During the 20th century Harlem’s historic Sugar Hill district in the northernmost tip of the island of Manhattan was associated with a series of different urban characteristics. Starting with the 1920s, it was the hub of Afro-American social and cultural life with a thriving jazz scene. This was followed by a period of decline and decadence after the Second World War that lasted until the 1990s.
Designed by Adjaye Associates, the Sugar Hill Development is part of a much wider urban revitalisation project that has involved the whole district since the late 20th century.
Mainly an affordable housing block, the programme also includes several public interest functions: an early childhood centre and a children’s museum.
The Sugar Hill Development has a dual link with the city. On the one hand, it incorporates a public programme geared to young children; on the other, its concept challenges the traditional typology, its modern design complementary to the surrounding environment of Gothic revival row-houses.
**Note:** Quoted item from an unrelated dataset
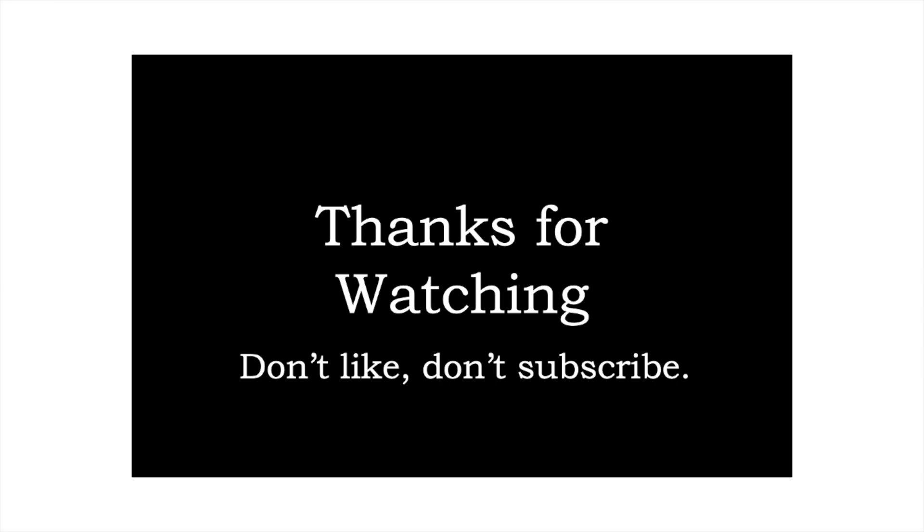Though, thanks to YouTube's analytics, it turns out only a quarter of viewers actually make it to the end of my videos, so that might explain it.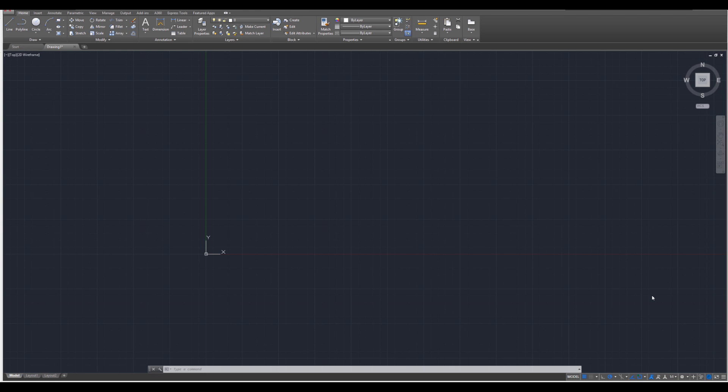Hey everyone, welcome to this AutoCAD tutorial where we will be designing a two-dimensional architectural style bathtub. Let's go ahead and get started.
The architect practice worked closely with the client and local community in a series of workshops and meetings to ensure the project had general approval. The outcome was a compact, imposing, 13-storey, 25-metre long building clad in textured anthracite-colour slabs.
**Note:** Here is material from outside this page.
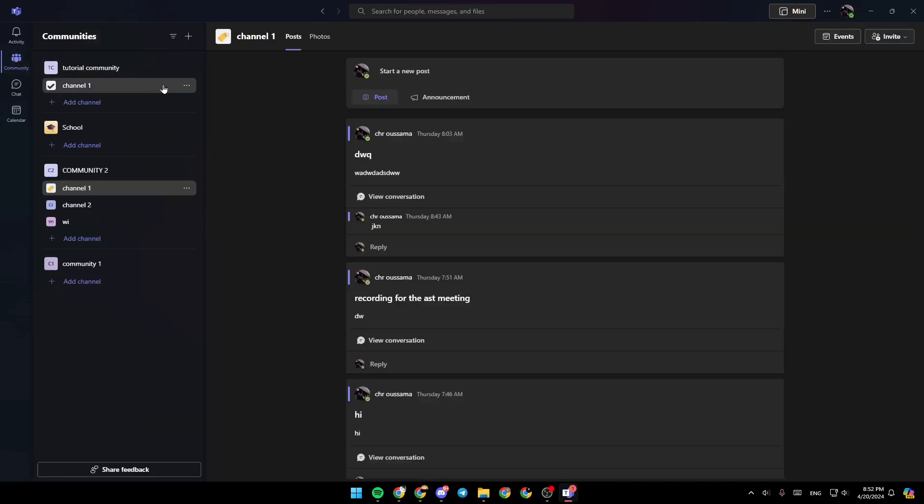Hello everyone and welcome back to a new video. In this video, I'm going to show you how you can fix Microsoft Teams camera not working. So if you want to learn how to do it, just follow the steps that I'm going to show you.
The building’s imposing mass is relieved by a series of volume changes and step-backs that also signpost its mixed-use character. The large, two-level base contains the children’s museum and early childhood centre. On top of this sits an 11-storey residential block that cantilevers slightly out towards the street to form a protective canopy for passing pedestrians. The step back at the 9th floor creates a 10-foot terrace, a further open area along with the terraces on the first and second floors and roof.